Beer claims that large swaths of the 2016 paper consisted of rewording his paper and restating the exact same equations that underlie his software (albeit with some errors introduced) —named gkm-SVM. And while his paper was referenced in the text as the original source of several (but not all) of the equations, Beer says wording in the abstract made stronger claims to novelty. Here’s an excerpt from the abstract of the 2016 paper:

To solve this problem, we add gaps into k-mer and introduce a new feature called gapped k-mer (GKM) for identification of recombination spots.
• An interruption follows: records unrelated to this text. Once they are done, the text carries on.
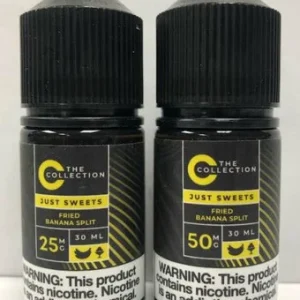 Fried Banana Split | Just Sweets Salt Nic | 30ml (Final Closeout)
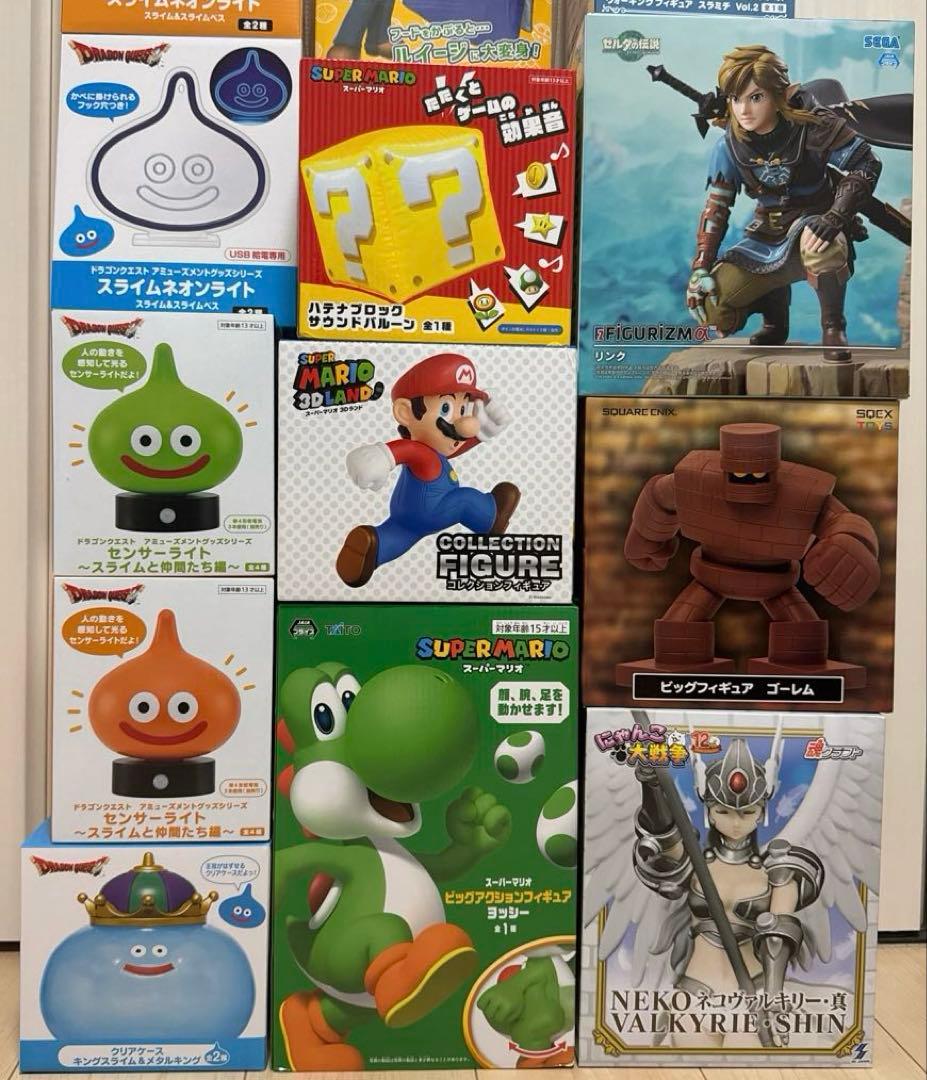 ゲームキャラクター フィギュアセット　13個まとめ売り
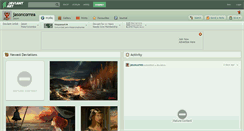 Desktop Screenshot of jasoncorrea.deviantart.com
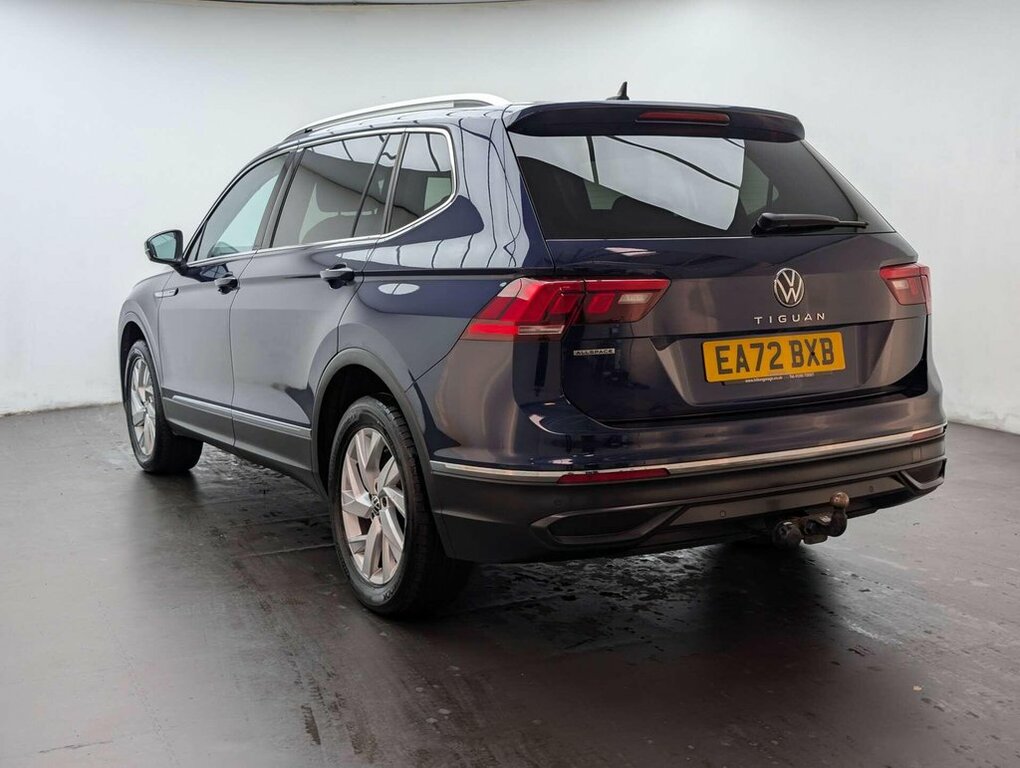 Volkswagen Tiguan Allspace 1.5L Life EA72BXB Blue #6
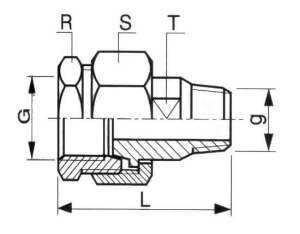 Union réduit femelle/male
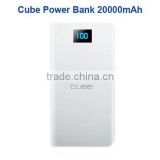 Original Cube E20A Power Bank 20000mAh Portable Charger for Cube Lenovo Xiaomi Huawei Meizu Android Phone Pad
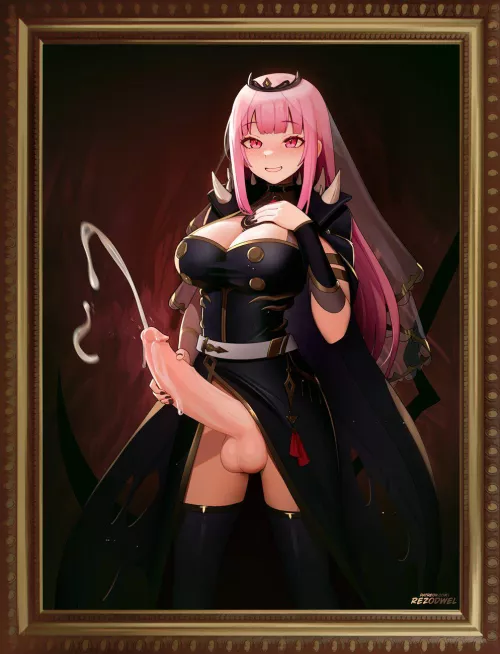 Calli's fountain  by SoManyCookies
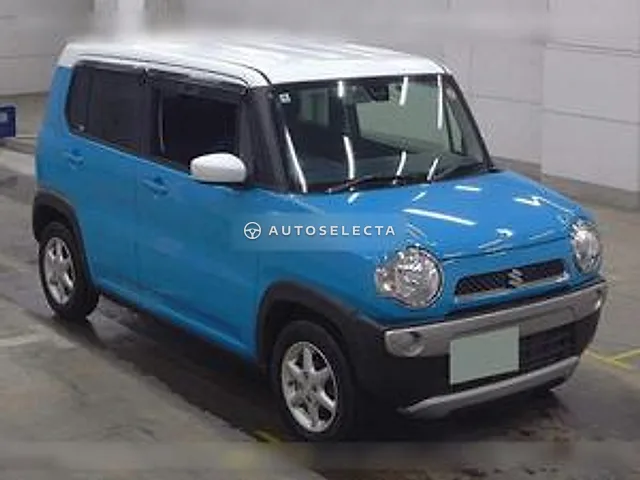 Suzuki Hustler 2018, auction grade 4
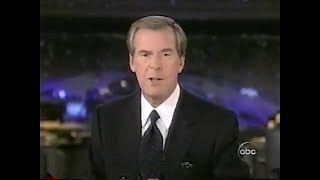 ABC  World News Tonight Saturday open Special Edition with Peter Jennings  September 15 2001 [upl. by Trebreh]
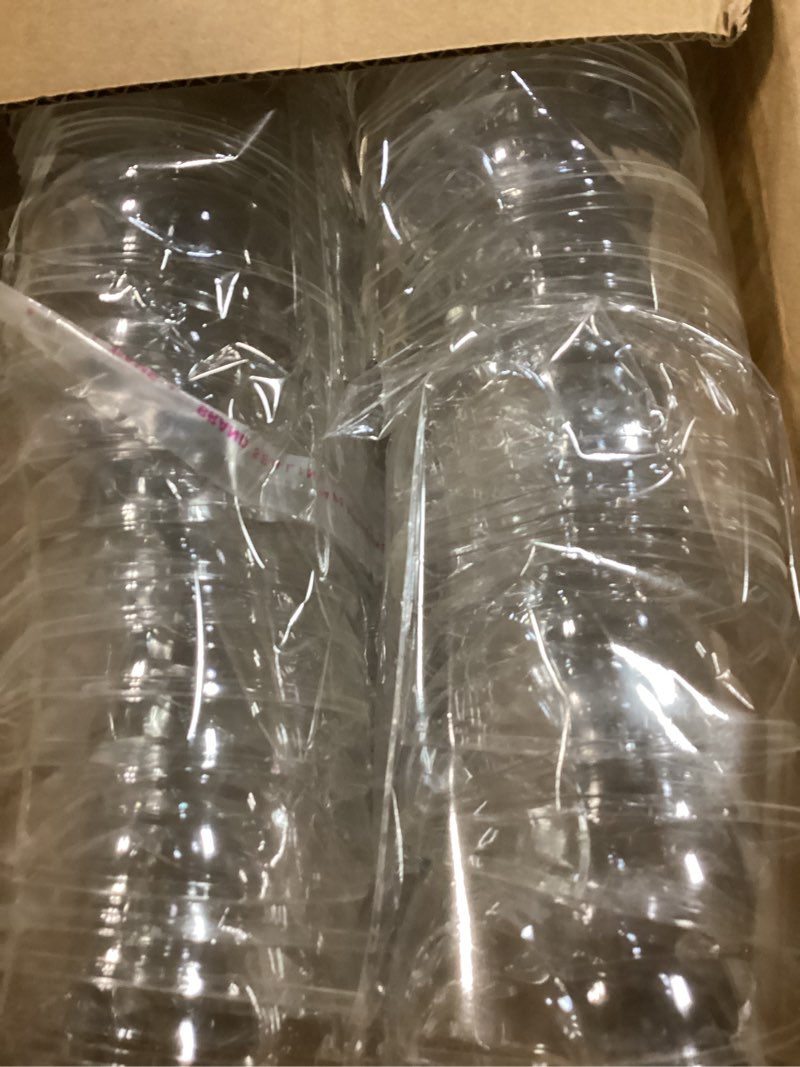 Condition photo showing New/Like New for manchap 60 pcs 3.15 inch(80mm) clear acrylic hanging globes & balls - fillable air plant holder for diy, art, wedding & garden decoration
By using this feature, we present a new predictor called SVM-GKM, which combines the gapped k-mers and Support Vector Machine (SVM) for recombination spot identification.

In effect, argues Beer, the authors had tried to pass off the work as their own.

On April 2 2016, Beer wrote to the journal:

This paper should be retracted based on the unauthorized reuse of figures, equation images, extensive text, and fraudulent claims of novelty.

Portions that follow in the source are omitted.